:: Task data ::

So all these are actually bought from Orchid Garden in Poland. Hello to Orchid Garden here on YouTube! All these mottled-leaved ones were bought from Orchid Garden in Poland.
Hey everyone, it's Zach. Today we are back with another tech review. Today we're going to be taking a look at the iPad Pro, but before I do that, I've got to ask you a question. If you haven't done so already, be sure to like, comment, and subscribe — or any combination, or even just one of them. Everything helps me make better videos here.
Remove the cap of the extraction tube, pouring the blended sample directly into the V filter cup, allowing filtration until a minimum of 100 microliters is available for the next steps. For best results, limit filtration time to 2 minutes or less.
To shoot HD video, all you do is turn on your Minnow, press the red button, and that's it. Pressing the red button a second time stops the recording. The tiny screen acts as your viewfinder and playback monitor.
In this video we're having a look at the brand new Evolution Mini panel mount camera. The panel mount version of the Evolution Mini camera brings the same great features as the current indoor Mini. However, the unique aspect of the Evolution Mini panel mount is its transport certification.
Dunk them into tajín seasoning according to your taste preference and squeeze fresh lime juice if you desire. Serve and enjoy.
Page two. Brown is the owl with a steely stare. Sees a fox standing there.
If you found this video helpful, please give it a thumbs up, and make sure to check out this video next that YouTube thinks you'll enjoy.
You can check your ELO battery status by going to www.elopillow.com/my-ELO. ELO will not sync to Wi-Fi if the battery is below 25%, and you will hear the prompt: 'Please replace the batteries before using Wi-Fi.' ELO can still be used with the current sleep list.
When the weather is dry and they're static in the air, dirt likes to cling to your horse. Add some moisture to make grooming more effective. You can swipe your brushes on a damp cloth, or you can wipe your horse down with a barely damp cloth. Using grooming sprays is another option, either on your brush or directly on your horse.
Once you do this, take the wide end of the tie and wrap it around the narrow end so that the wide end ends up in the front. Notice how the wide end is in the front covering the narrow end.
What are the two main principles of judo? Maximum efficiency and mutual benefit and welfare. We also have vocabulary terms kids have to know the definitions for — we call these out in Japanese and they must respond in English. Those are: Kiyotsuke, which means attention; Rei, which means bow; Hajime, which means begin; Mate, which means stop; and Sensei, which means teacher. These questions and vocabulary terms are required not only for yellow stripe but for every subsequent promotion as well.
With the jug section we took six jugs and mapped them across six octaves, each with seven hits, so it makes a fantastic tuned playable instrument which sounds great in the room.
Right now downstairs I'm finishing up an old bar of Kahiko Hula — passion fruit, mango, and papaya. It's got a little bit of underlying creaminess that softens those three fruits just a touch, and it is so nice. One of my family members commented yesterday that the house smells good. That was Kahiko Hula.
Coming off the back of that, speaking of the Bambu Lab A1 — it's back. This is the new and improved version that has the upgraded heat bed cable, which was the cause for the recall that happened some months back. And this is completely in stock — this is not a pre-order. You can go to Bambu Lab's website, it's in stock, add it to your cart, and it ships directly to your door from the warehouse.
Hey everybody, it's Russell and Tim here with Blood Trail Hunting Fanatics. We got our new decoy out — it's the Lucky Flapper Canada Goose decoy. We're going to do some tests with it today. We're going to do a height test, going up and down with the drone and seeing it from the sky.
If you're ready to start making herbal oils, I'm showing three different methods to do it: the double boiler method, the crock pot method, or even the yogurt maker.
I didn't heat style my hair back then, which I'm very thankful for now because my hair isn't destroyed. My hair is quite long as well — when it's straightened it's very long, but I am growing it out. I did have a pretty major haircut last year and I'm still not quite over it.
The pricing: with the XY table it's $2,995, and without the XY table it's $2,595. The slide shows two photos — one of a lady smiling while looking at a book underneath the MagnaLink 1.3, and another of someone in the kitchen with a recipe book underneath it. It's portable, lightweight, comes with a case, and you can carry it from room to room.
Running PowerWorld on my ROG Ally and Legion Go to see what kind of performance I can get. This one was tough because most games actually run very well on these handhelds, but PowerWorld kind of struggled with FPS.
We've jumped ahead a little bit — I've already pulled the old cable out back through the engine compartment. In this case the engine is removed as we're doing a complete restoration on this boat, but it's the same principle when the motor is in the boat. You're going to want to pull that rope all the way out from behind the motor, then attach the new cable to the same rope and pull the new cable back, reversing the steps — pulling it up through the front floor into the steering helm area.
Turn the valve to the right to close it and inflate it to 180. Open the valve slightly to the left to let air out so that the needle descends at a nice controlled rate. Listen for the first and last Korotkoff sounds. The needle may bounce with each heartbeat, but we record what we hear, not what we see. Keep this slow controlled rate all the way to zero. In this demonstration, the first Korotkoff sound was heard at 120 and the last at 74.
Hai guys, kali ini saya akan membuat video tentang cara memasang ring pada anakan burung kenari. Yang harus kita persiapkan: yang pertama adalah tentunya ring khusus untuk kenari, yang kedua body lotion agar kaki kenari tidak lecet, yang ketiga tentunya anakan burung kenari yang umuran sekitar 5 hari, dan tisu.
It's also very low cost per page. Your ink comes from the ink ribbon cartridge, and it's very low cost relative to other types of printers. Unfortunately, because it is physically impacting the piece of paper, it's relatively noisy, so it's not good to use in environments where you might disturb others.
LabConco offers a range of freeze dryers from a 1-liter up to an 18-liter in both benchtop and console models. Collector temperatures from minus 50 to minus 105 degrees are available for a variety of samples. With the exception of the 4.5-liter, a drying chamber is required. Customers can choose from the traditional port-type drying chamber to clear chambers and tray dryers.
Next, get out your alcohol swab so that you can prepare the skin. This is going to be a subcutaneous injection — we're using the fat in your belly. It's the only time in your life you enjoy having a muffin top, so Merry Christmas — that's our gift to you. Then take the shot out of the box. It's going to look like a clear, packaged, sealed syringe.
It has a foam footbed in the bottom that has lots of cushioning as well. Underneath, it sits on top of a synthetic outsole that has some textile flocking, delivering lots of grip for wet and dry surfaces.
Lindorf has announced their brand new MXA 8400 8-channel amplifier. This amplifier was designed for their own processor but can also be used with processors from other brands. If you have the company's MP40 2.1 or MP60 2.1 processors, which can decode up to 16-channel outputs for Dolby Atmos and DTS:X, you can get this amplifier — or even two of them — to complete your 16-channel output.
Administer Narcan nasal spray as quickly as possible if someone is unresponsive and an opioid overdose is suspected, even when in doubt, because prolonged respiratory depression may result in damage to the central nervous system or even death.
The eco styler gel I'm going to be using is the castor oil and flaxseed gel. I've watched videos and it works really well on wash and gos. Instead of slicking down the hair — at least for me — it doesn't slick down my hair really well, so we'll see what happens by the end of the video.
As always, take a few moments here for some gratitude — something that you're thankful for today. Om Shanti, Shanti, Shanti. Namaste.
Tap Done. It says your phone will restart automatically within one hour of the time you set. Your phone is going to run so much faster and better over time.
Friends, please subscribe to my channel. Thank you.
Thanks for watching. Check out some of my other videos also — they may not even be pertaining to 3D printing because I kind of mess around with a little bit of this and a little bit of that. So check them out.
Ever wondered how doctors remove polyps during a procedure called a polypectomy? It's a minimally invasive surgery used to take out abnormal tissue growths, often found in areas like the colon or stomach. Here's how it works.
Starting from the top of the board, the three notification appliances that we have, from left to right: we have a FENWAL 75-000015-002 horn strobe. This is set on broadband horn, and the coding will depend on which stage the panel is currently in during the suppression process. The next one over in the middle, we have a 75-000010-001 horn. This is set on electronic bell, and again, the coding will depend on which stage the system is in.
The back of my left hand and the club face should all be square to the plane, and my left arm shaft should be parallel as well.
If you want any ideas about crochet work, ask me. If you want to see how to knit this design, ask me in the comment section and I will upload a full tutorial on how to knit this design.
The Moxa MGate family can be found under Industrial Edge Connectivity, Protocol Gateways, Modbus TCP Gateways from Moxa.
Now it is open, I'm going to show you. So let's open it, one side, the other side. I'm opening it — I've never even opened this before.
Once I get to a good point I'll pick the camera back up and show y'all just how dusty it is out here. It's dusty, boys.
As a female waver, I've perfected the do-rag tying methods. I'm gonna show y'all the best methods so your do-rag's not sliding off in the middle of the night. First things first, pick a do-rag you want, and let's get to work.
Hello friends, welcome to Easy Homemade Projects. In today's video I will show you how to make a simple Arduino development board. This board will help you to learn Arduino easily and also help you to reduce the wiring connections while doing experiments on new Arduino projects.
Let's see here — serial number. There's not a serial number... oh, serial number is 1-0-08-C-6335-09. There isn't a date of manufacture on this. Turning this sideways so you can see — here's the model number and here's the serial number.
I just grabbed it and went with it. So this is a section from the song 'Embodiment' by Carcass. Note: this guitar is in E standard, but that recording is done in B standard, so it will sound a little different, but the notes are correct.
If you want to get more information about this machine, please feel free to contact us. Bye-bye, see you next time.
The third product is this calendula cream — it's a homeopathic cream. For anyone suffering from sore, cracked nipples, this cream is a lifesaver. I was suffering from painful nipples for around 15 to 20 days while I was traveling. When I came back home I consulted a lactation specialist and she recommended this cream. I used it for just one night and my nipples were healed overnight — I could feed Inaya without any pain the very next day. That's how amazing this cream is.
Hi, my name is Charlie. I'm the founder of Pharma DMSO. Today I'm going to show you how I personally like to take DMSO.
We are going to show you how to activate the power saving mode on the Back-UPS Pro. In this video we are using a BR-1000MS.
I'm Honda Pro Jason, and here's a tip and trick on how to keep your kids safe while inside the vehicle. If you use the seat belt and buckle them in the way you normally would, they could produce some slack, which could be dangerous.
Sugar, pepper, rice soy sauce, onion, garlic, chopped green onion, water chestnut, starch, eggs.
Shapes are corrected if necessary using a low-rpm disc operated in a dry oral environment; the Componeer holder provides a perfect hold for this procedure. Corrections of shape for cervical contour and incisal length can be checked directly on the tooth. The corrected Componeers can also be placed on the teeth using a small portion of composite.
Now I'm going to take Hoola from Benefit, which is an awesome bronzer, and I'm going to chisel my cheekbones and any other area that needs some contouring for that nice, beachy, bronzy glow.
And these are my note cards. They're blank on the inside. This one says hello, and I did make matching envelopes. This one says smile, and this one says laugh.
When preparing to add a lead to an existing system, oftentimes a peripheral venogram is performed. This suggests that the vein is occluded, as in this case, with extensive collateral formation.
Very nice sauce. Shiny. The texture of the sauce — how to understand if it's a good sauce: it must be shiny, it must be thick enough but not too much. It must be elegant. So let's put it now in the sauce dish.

:::

From the records above, print only the lines between the one holding "The Moxa MGate" and the one holding "Let's see here", inclusive, exactly as they stand.

_Exercise solution:_
The Moxa MGate family can be found under Industrial Edge Connectivity, Protocol Gateways, Modbus TCP Gateways from Moxa.
Now it is open, I'm going to show you. So let's open it, one side, the other side. I'm opening it — I've never even opened this before.
Once I get to a good point I'll pick the camera back up and show y'all just how dusty it is out here. It's dusty, boys.
As a female waver, I've perfected the do-rag tying methods. I'm gonna show y'all the best methods so your do-rag's not sliding off in the middle of the night. First things first, pick a do-rag you want, and let's get to work.
Hello friends, welcome to Easy Homemade Projects. In today's video I will show you how to make a simple Arduino development board. This board will help you to learn Arduino easily and also help you to reduce the wiring connections while doing experiments on new Arduino projects.
Let's see here — serial number. There's not a serial number... oh, serial number is 1-0-08-C-6335-09. There isn't a date of manufacture on this. Turning this sideways so you can see — here's the model number and here's the serial number.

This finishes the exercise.